Yeah ToTo he's not in Kansas or Cali anymore.
So we walk into the class, and all these men in my life are playing guitar. None of these guys play Guitar!!!
Well, Mr. Someone is running class and is trying to get everyone to play The star Spangled Banner. (Seriously don't ask me
what I was smoking.) So "The Class" doesnt take this seriously-Who would?- and this upsets Mr. Someone.
Now here comes the climax. Mr Someone demands pop quiz style for everyone to start performing individually
So...individual performances. A girl goes up to Mr. Someone and says she doesnt want to perform or rather can't.
So Mr. Someone turns on her and says he's going to fail her. Somehow he also makes an causation that because she's an Educatio
Major of not being able to perform. At this remark, this poor female begins sobbing and runs out to the hallway.
Realising his error Teacher goes to console her. I,however- being so upset, push homeboy out of the way and tell him "Don't
even. You've done enough." Apparently very tough in this dream. (Right) so I go and console this girl.

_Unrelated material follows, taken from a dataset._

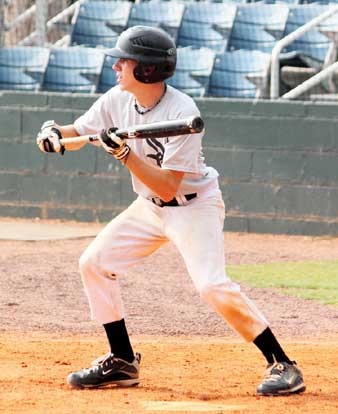 Bryant's Caleb Garrett tries to get a bunt down batting left-handed during Saturday's game. (Photo by Phil Pickett)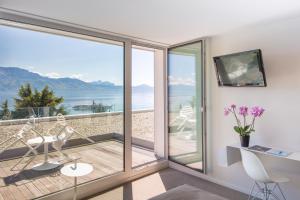 a room with a balcony with a view of the ocean at Hotel Lavaux in Cully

Girl is just so sad. I tell her he can't treat her like that... and I wake up mortified at how awful Mr. Someone appeared.
I wake up hot, sweaty, and confused. I am so alarmed, I lay back in bed, close my eyes shut and wish a small wish that even
my subconsious thought up such meanness.
So, the question is being begged. What does it all mean? Why am I dreaming suddenly? Am I just overworked? Thinking too much?
Defense mechanism against Catching Feelings? How do I feel.
Here's what happened. i got up. i showered.
I went to work. got bored off my mind.
So what does it all mean? it means i dream now. it means i'm normal. overall, it means nothing.